INPUT RECORDS
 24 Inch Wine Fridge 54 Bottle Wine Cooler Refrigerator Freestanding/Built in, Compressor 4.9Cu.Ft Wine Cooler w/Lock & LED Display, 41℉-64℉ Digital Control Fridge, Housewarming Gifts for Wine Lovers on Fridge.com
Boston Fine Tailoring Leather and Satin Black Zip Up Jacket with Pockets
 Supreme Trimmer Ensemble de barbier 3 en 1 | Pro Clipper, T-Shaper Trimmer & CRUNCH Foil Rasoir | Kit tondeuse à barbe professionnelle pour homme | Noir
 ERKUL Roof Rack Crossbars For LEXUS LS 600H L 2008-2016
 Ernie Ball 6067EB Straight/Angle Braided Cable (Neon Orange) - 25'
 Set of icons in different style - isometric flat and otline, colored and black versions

...

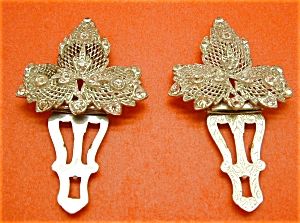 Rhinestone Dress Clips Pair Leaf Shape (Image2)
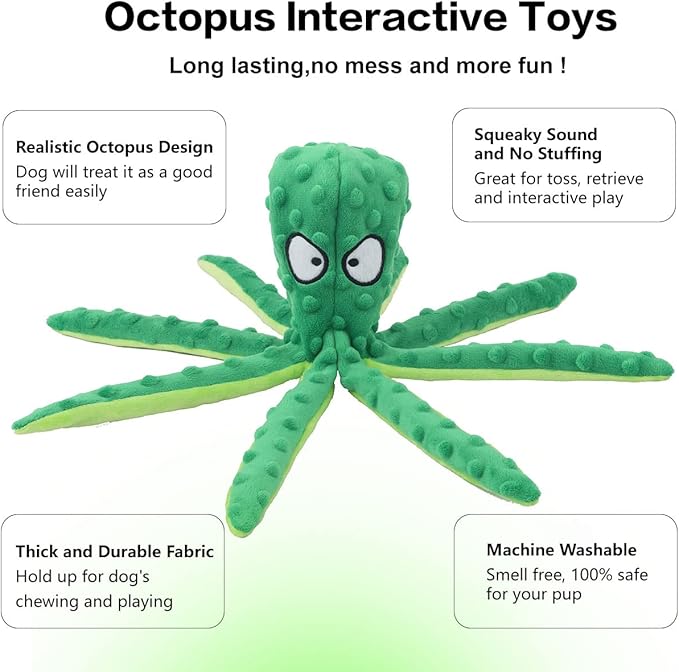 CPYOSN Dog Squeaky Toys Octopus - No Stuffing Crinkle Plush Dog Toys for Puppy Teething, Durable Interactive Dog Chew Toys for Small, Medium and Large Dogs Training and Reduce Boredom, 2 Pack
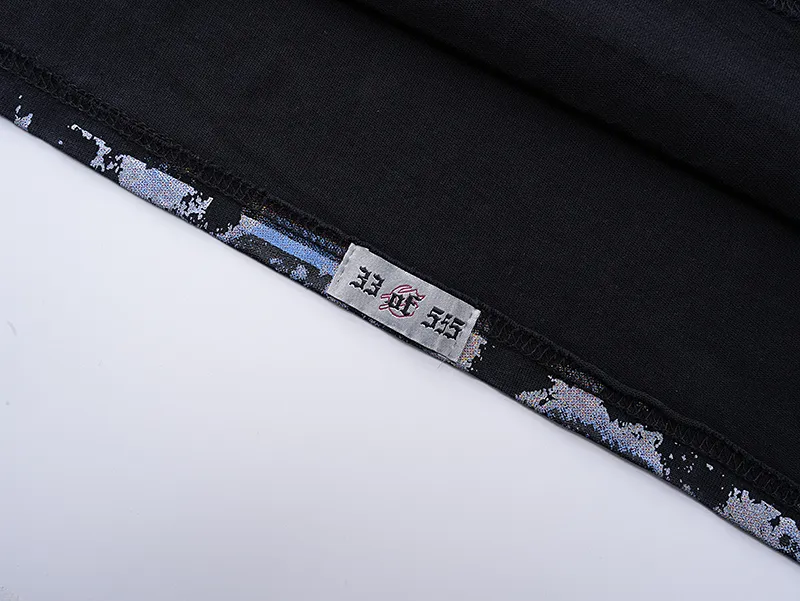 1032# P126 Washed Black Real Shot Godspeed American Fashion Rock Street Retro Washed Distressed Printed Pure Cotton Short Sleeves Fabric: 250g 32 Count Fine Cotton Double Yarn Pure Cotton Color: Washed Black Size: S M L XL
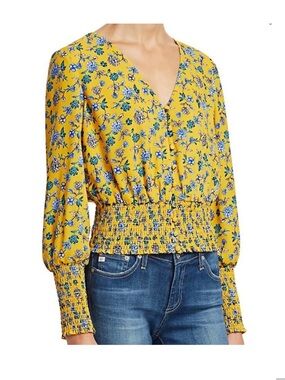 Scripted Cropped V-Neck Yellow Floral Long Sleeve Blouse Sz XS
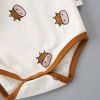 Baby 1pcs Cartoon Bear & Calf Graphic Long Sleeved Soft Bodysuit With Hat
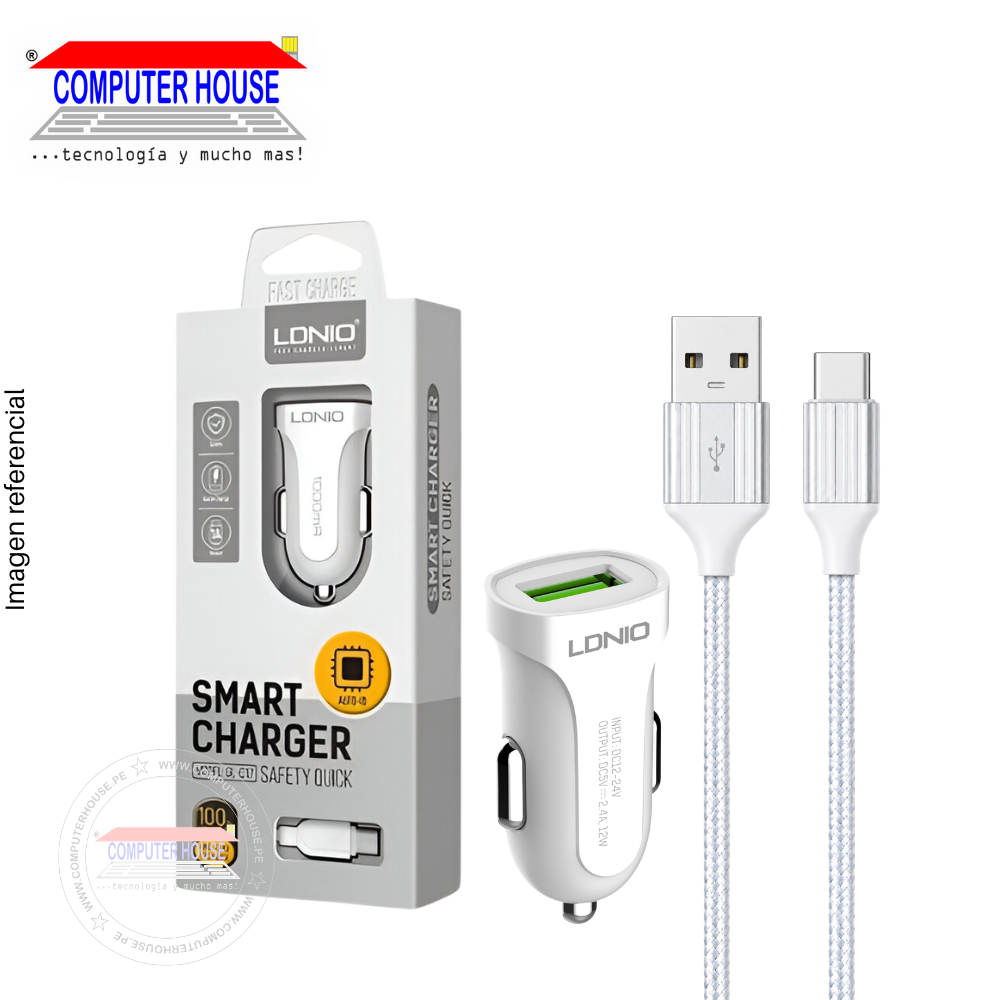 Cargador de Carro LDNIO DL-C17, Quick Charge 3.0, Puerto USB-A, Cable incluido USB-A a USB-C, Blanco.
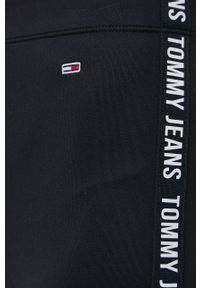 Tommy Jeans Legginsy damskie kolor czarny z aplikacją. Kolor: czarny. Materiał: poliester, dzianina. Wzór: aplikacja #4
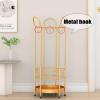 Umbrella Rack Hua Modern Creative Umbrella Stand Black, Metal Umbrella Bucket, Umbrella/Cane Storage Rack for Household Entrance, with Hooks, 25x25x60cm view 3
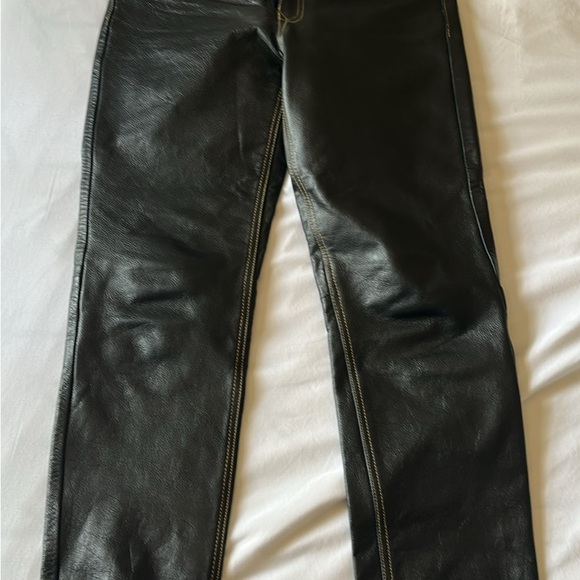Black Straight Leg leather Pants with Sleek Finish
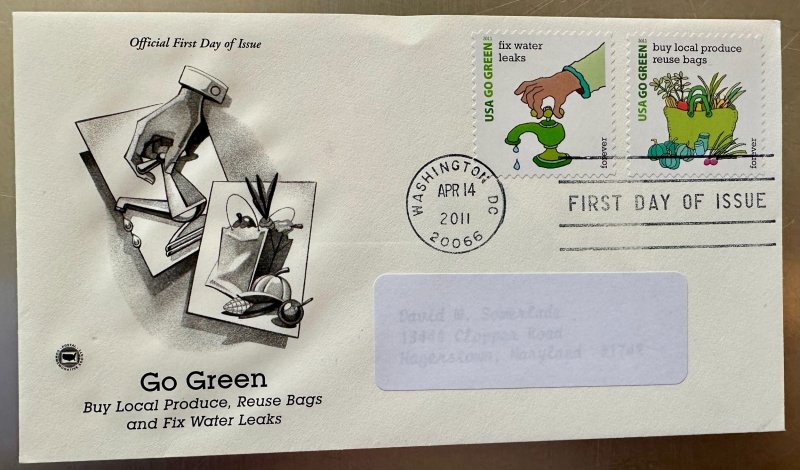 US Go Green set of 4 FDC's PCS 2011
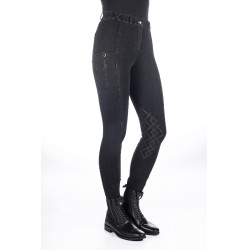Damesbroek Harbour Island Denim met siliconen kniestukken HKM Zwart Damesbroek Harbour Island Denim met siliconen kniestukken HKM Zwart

...

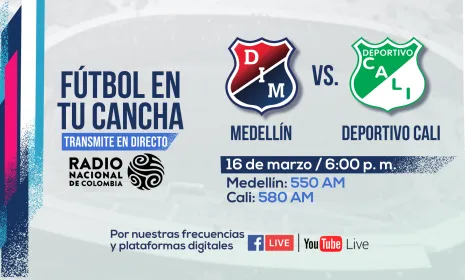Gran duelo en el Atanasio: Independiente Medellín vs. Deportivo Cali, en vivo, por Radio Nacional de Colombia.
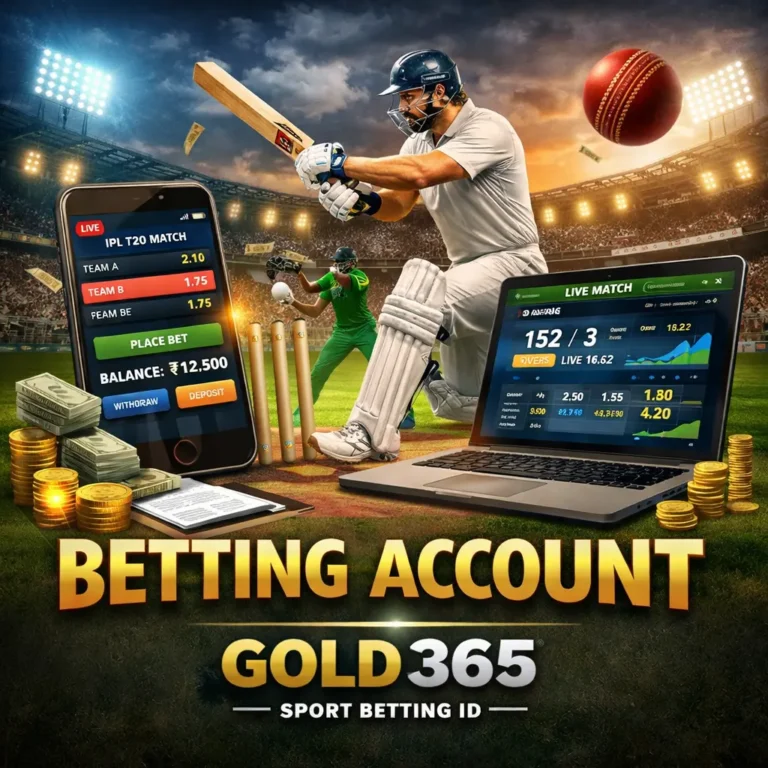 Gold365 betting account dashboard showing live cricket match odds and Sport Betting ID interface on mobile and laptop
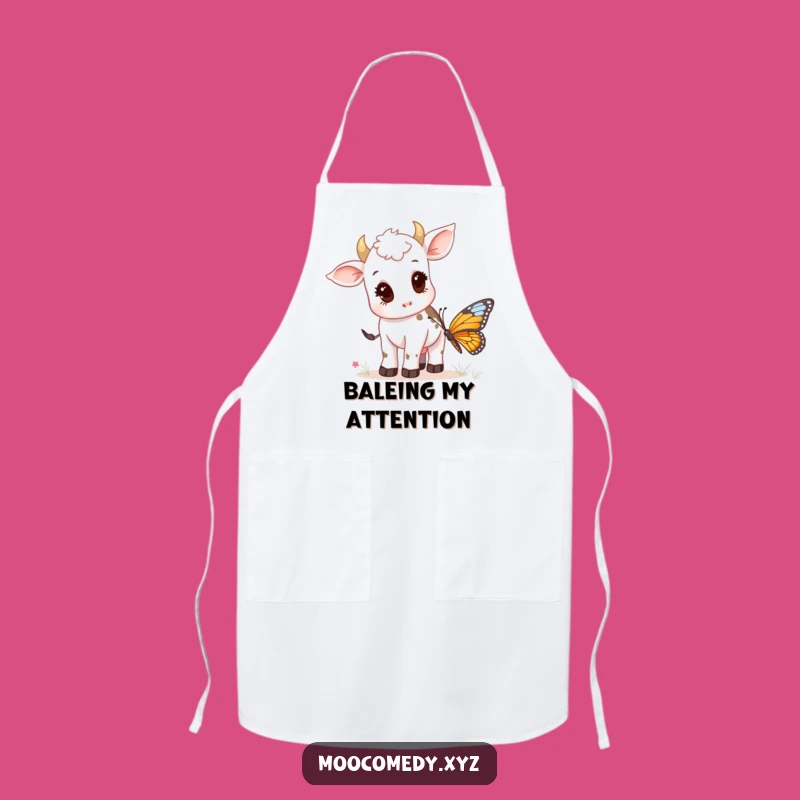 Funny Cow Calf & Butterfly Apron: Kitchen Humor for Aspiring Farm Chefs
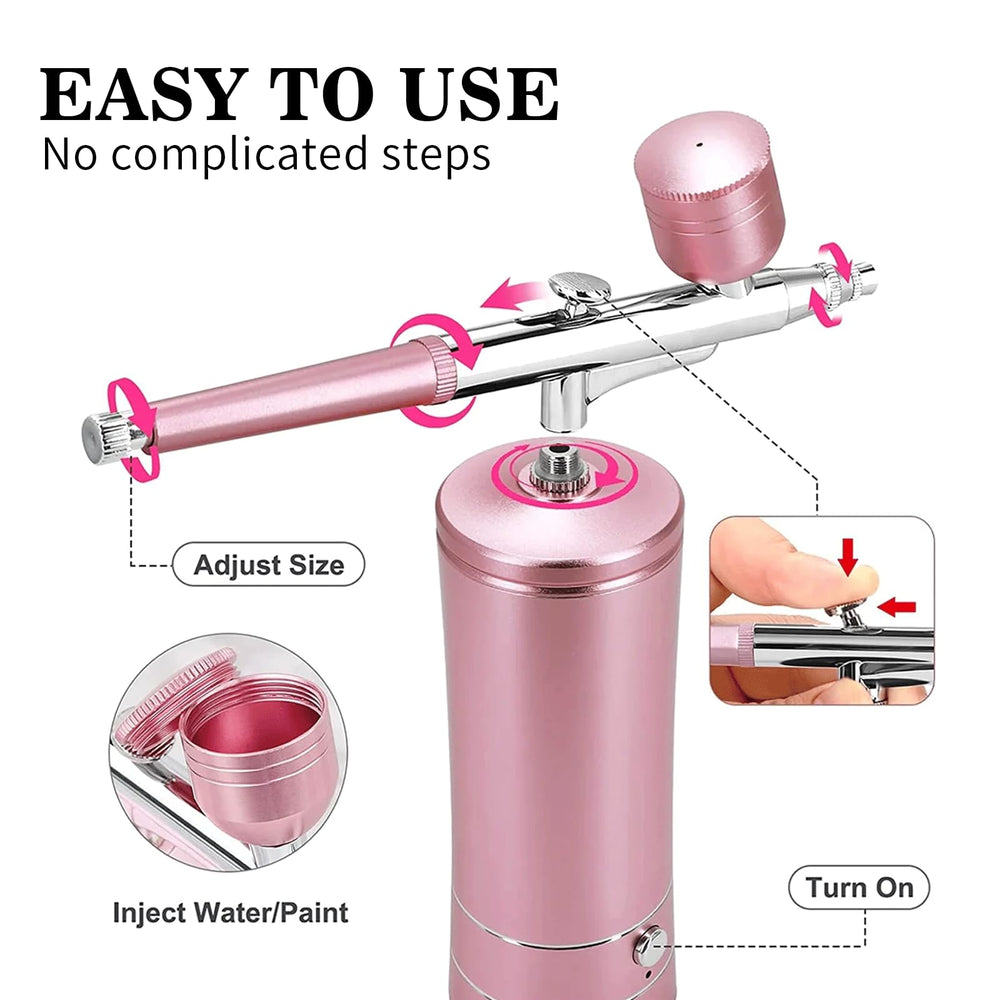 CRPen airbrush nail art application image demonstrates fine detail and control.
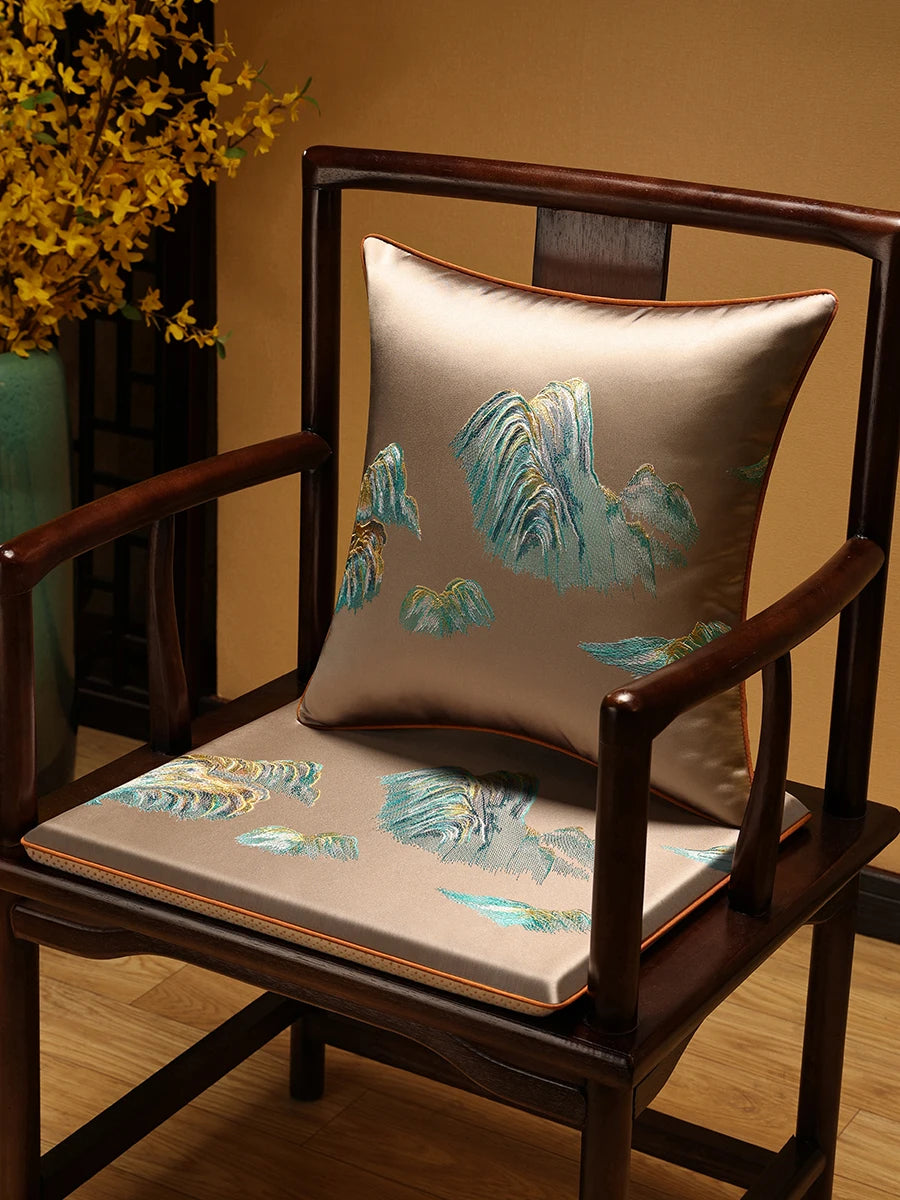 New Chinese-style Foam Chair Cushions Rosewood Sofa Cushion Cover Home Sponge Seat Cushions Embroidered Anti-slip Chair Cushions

ABOUT THIS TASK
Your answer must be everything above from the line with "CRPen airbrush nail" down to the line with "New Chinese-style Foam", word for word, and no pictures.

ANSWER BOX
 CRPen airbrush nail art application image demonstrates fine detail and control.
 New Chinese-style Foam Chair Cushions Rosewood Sofa Cushion Cover Home Sponge Seat Cushions Embroidered Anti-slip Chair Cushions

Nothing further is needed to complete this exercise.